第13章 女主临朝
  吕雉的表情依旧没有什么变化,仿佛听到的只是“今日风大”之类的閒谈。只有离得极近、观察得极仔细的人,或许能发觉,在她眼底最深处,那潭一直古井不波的水面之下,似乎有什么东西被这四字猛地击中了,骤然收缩,又猛地扩散开去,搅动起无数暗流。但那波动被水面死死压住,一丝涟漪也未泛上来。
  她的呼吸,在那一瞬间停滯了半拍,旋即恢復如常。
  静默在持续。许负说完后,微微垂下眼,脸上那层相士的冷寂褪去,恢復了些许少女的侷促。她似乎自己也意识到方才所言的分量,抿了抿唇,轻声道:“此等言语,关乎天机,亦系夫人清誉。今日出了此院,负绝不会再向任何人提及。夫人也只当是……一句戏言罢了。”

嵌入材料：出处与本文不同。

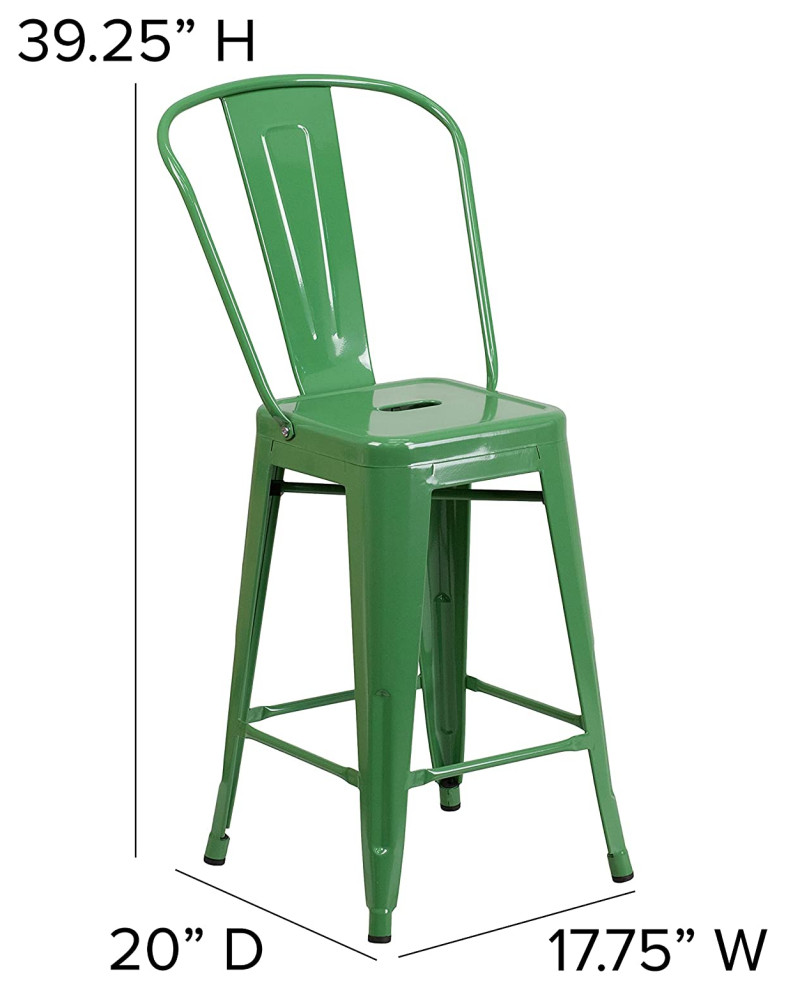 4 Pack Counter Stool  Stackable Design With Removable Back   Industrial   Outdoor Bar Stools And Counter Stools   by Decorn  Houzz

  吕雉终於有了动作。她极缓地站起身,晨光將她站起的身影投在地上,稳如山岳。她的脸上甚至浮现出一丝极淡的、近乎温和的笑意,对著许负点了点头:
  “姑娘说笑了。相面之术,本就是虚妄之谈,权作消遣。今日有劳姑娘,说的这些……戏言,我倒也觉得有趣。”
  她的声音平稳自然,听不出半分异样,仿佛真的只是在评价一段有趣的閒谈。说完,她不再停留,转身,步履平稳地走回北屋。推门,入內,关门。一连串动作流畅从容,无懈可击。

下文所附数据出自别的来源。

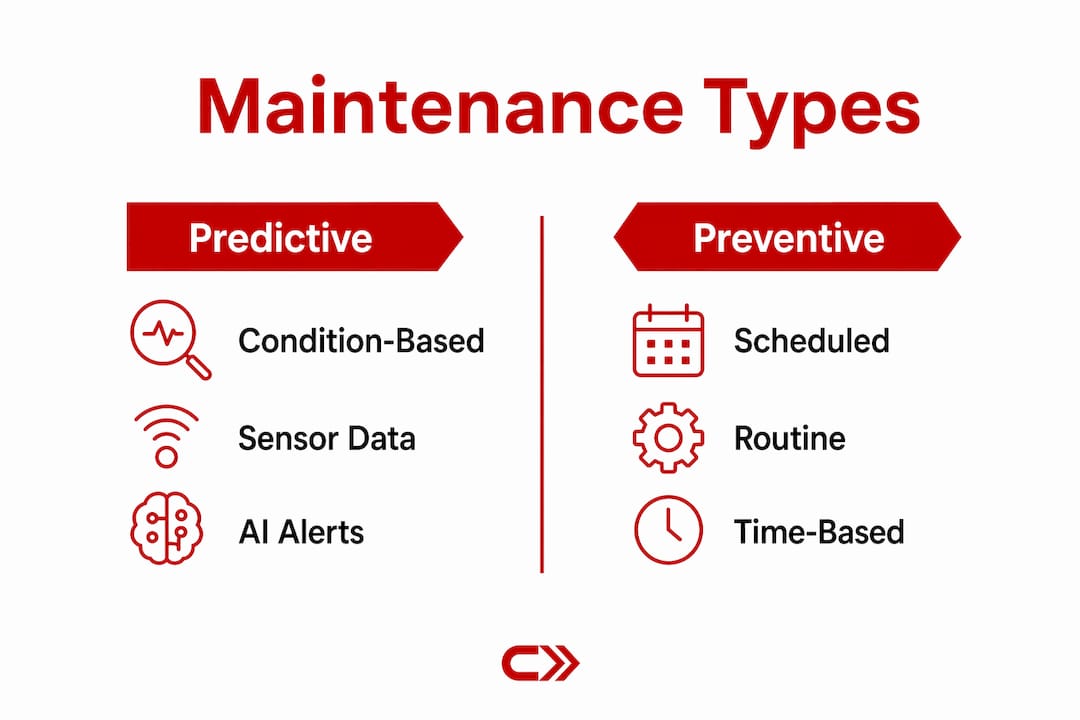 Infographic comparing predictive and preventive maintenance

  门扉隔绝了內外。小院里,只剩下尚未完全消散的、惊心动魄的余韵,和空气中若有若无的、许负鬢边野花的淡香。
  许负望著那扇关上的门,轻轻吁了口气,脸上露出一丝如释重负的疲惫。
  楚军中军大帐,气氛却是另一番凝重。
  项羽踞坐於上,面色沉鬱,手中把玩著一块兵符,眼神却落在虚空处。范增立於帐中,苍老的声音带著惯有的沉稳,却比平日多了一份坚持。

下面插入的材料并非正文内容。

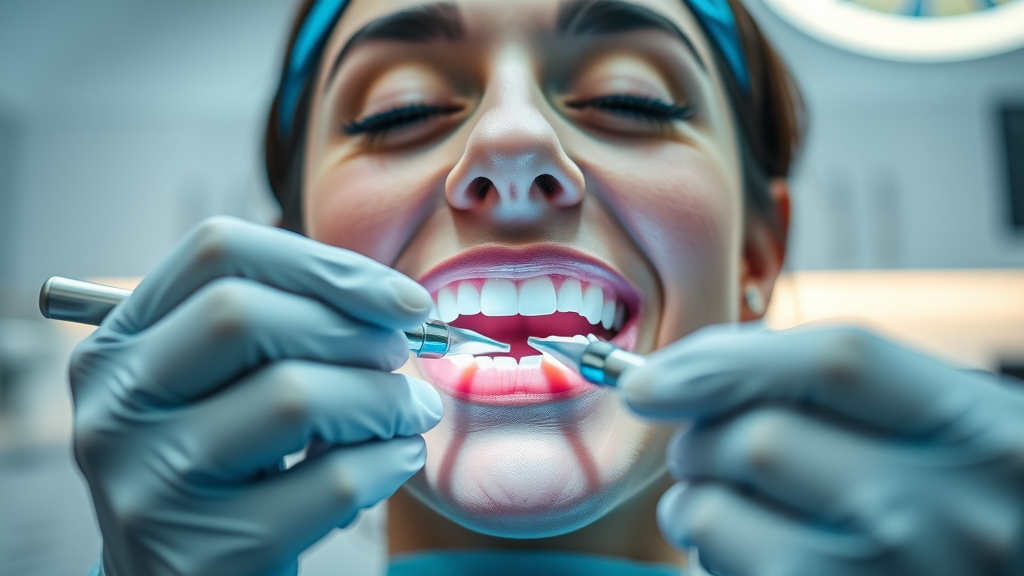 dentist performing teeth whitening in Miami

  “……许负虽幼,然声名遍及天下。霸王因她一时醉后狂言,便將其囚於营中,恐伤纳士之名,徒令诸侯轻笑。”范增语速平缓,却字字清晰,“老臣之意,不如寻个由头,將其释放。一则显霸王宽宏,不罪妄言之女;二则,也免得营中流言纷纷,於军心无益。”
  项羽手中兵符一顿,抬眼看向范增,那双重瞳里看不出情绪:“亚父是觉得,本王连处置一个胡言乱语的女子的气量都没有?”
  “老臣不敢。”范增微微躬身,“霸王志在天下,何必为此等微末之事,授人口实?老臣已吩咐下去,当日她胡言乱语之事,史册不录,营中亦不得再传。此事,就此了结最为妥当。”
  帐下將领们闻言,彼此交换著眼色。钟离昧率先出列,抱拳道:“霸王,末將以为范亚父所言有理。那许负关著也是无用,放了於我军无损。而今两军对峙,正需彰显仁义,收揽人心,释放此女,正是一举。”
  另一位將领也附和道:“钟离將军说得是。为一女子之言耿耿於怀,恐非霸主所为。放了她,流言不攻自破,也显得霸王胸襟似海。”